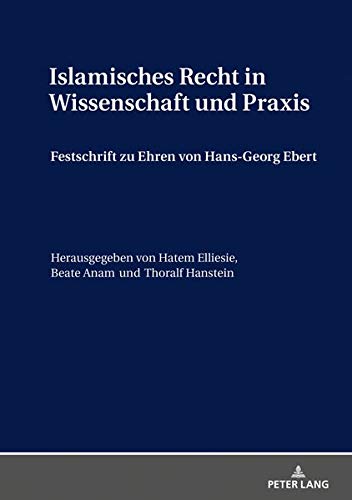 Hatem Elliesie Islamisches Recht In Wissenschaft Und Praxis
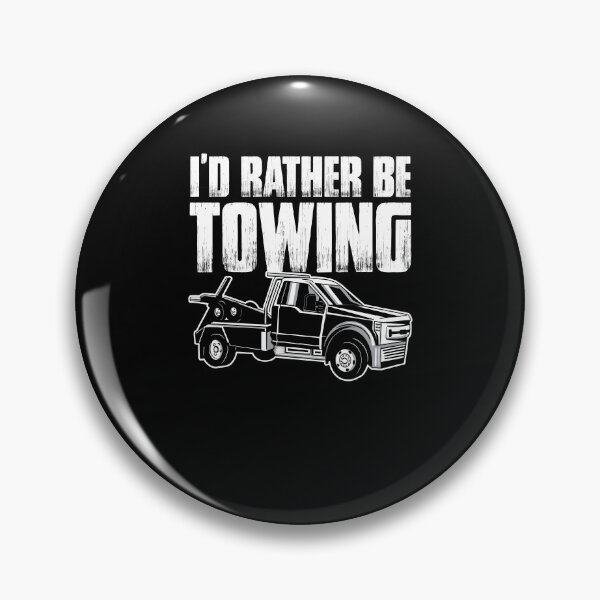 Item preview, I'd Rather Be Funny Towing Services For A Tow Truck Operator designed and sold by Nessshirts.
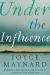 Under the Influence : A Novel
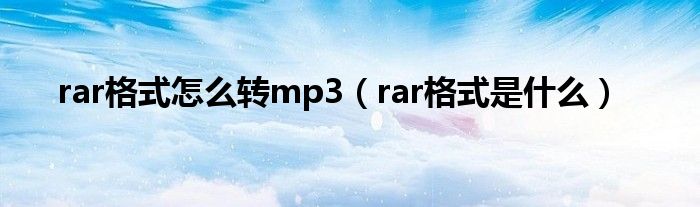 rar格式怎么转mp3(rar格式是什么)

**What is needed**: Every line between the one containing "Under the Influence : A Novel" and the end of the listing, both included, needs to be retyped exactly, minus the pictures.

**Answer to the exercise**:
 Under the Influence : A Novel
 rar格式怎么转mp3(rar格式是什么)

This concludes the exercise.